Si la administración estadounidense persevera en esta idea y el presidente lleva a término sus amenazas, tendrá que romper relaciones comerciales con China, que es el mayor aliado comercial de Kim Jon-un, según las estadísticas de Global Trade Atlas, y, a su vez, el principal comprador de deuda de EE UU.

Y aunque China no es el único socio comercial que comparten Washington y Pyonyang (México, Singapur e India, entre otros, también hacen negocios con Corea del Norte) sí resulta fundamental para los intereses económicos de EE UU.

Además de poseer la mayor parte de la deuda del país norteamericano, China también es su mayor proveedor de bienes. Se trata principalmente de juguetes, teléfonos inteligentes o maquinaria de uso militar que el año pasado se cuantificaron por un valor de 40.000 millones de dólares. En 2016 el comercio entre las dos potencias alcanzó los 650.000 millones de dólares.

Un portavoz chino de Asuntos Exteriores ha asegurado este lunes que no descartan apoyar a la ONU si decide ejecutar un embargo total de las exportaciones de petróleo y derivados a Corea del Norte. Sin embargo, Pekín ha calificado de "injustas" las amenazas de Trump y ha afirmado que es inaceptable que sus intereses "se vean puestos en riesgo" mientras "intentan resolver pacíficamente la situación".

"Si EE UU decide llevar a término su amenaza, desde luego lo hará con todos menos con China", asegura Robert Tornabell, profesor emérito de Finanzas Internacionales del ESADE. Tornabell asegura que EE UU sería la principal víctima del cese de relaciones comerciales que plantea el presidente: "No pueden permitirse que China deje de comprar deuda exterior estadounidense, sobre todo ahora que Trump quiere elevarla. Sería una manera de bloquear la economía de su propio país". 
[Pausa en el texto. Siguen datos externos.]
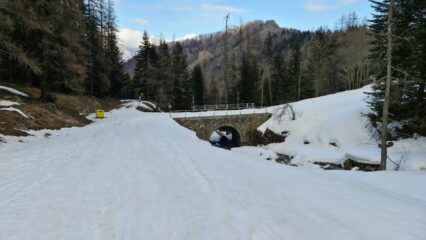 il ponte sul Rio Giairetto dove si inizia a seguire la pista forestale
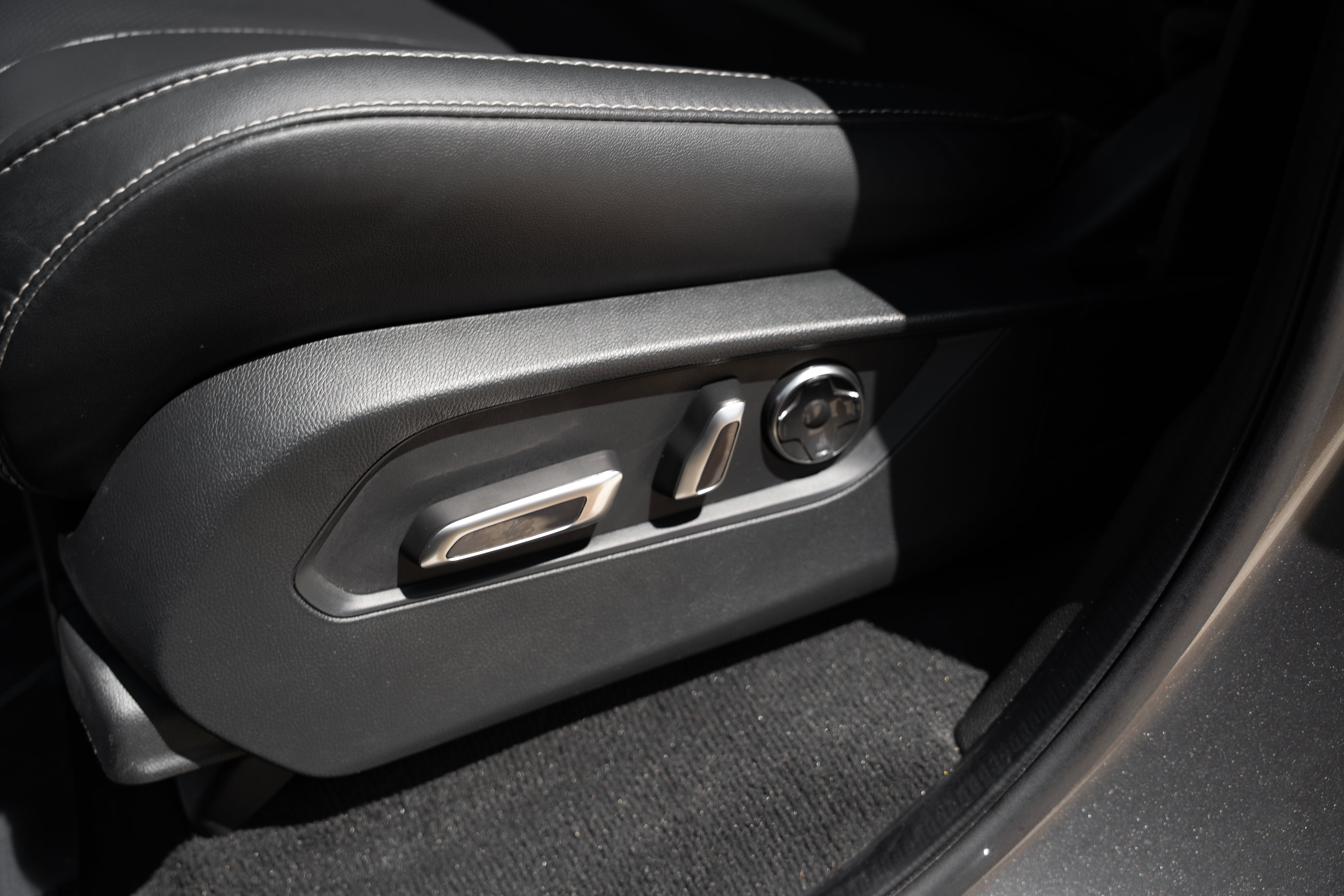 Used 2024 Acura MDX SH-AWD w/ Technology Package image 21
Este es un nuevo episodio en las relaciones comerciales que mantienen ambas potencias y que se tensaron por última vez en agosto, también bajo la sombra de Kim Jon-un. Entonces, Trump firmó un memorando para investigar si las prácticas chinas atentaban contra la propiedad intelectual de las empresas estadounidenses. El Gobierno chino tomó este movimiento como una medida de presión para conseguir que se involucraran más para frenar a Corea del Norte. Pero la respuesta de Pekín fue cautelosa, apeló a la prudencia de la Casa Blanca y aseguró que protegerían sus intereses.

"No creo que Xin Jinping, secretario general del Comité Central del Partido Comunista de China, deje de ayudar a Corea del Norte por mucho que se lo exija Estados Unidos", sentencia Tornabell. 

El volumen comercial norcoreano rondó los 6.500 millones de dólares el año pasado, lo que supuso un incremento del 4,7% respecto a 2015, en gran parte gracias al comercio exterior con China. El 85% de las importaciones norcoreanas provienen del gigante asiático y el 83% de las exportaciones lo tienen como destino.

Algunos expertos creen que Pekin sí accederá a un bloqueo temporal de las exportaciones de crudo hacia Corea del Norte, como parte de las presiones para evitar un conflicto en la frontera sur, pero descartan que lo haga permanentemente. Pese a que China es el principal aliado externo de Corea del Norte, en esta ocasión se han dado dos afrentas difíciles de obviar: el terremoto, consecuencia de la prueba nuclear, se dejó sentir en territorio chino y coincidió con la inaguración de la cumbre de países emergentes, con el presidente chino a la cabeza. 

Una sanción de Jinping supondría un duro golpe al régimen de Kim Jon-un, ya que el petróleo y sus derivados son la principal importación del país y resultan fundamentales para mantener operativa la fuerza militar de la que hace gala. "China no dejará de venderle petróleo porque paralizaría el país por completo y lo sufriría la población civil, especialmente ahora que se acerca el invierno", afirma el profesor de ESADE. Además, iría en contra de sus intereses económicos.

Si la ONU decide aprobar las nuevas sanciones propuestas por EE UU, estas se sumarán a las últimas aprobadas en agosto. En ellas se establecía un bloqueo a las exportaciones norcoreanas de carbón (su principal activo), hierro y plomo o pescados y mariscos. También prohibía aumentar la contratación de trabajadores norcoreanos y cerrar nuevas alianzas empresariales. Estas medidas, también impulsadas por EE UU, suponen un recorte de casi 1.000 millones anuales, casi un tercio del total, en los intercambios comerciales norcoreanos.